Public support for immigration is increasing. Can that push Congress to act?

- July 13, 2022

Last month, at least 53 migrants were found dead in an abandoned truck in San Antonio — one of the deadliest smuggling events in modern U.S. history. For many, this tragedy exposes the human costs of the country’s harsh restrictions on legal immigration.

Some polls have recently reported that Americans have grown friendlier to immigration over the past decades. For the first time since Gallup started polling on the issue almost 60 years ago, more people say immigration should be increased rather than decreased. That’s a shift from 7 percent in favor of increases and 33 percent in favor of decreases in 1965, with the 2020 numbers suggesting that 34 percent favor increases and 28 percent favor decreases.

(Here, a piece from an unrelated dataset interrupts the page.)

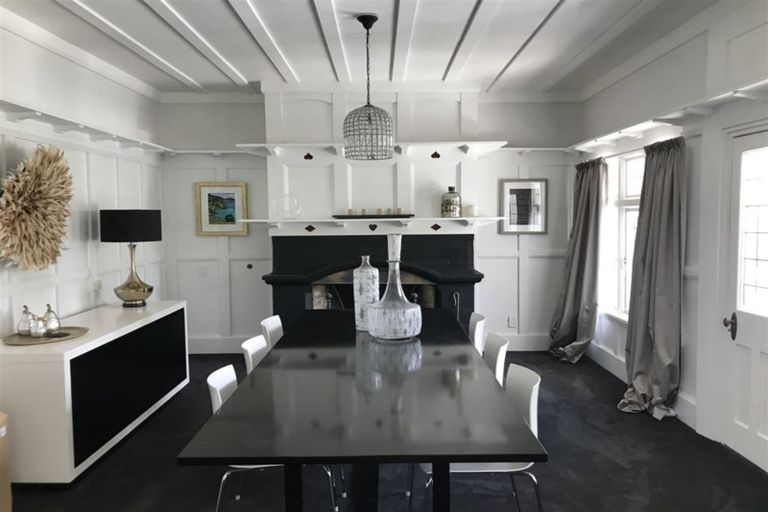 Photo of property in 35 Knowles Street, St Albans, Christchurch, 8052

But U.S. immigration attitudes may not have warmed as much as those numbers suggest. My new research shows that predominantly Democratic voters who support immigration simply do not see the issue as important as do the predominantly Republican voters who oppose it. As a result, opponents remain more politically influential than supporters.

Americans’ support for immigration is even weaker than it seems

It’s true that a greater proportion of Americans are willing to tell pollsters that they support immigration than before. But that support is still soft.

First, the aggregate change does not necessarily mean that individuals have changed their minds on the issue. My research with political scientists Dillon Laaker and Cassidy Reller looks at longitudinal survey data, in which the same respondents were interviewed over a decade. There we found much greater stability in individuals’ immigration attitudes. These attitudes form early in life and reflect deep-seated psychological traits such as openness to experience or ethnocentrism. In other words, if immigration public opinion changes in any significant way, it happens gradually, as older people give way to younger generations with different attitudes.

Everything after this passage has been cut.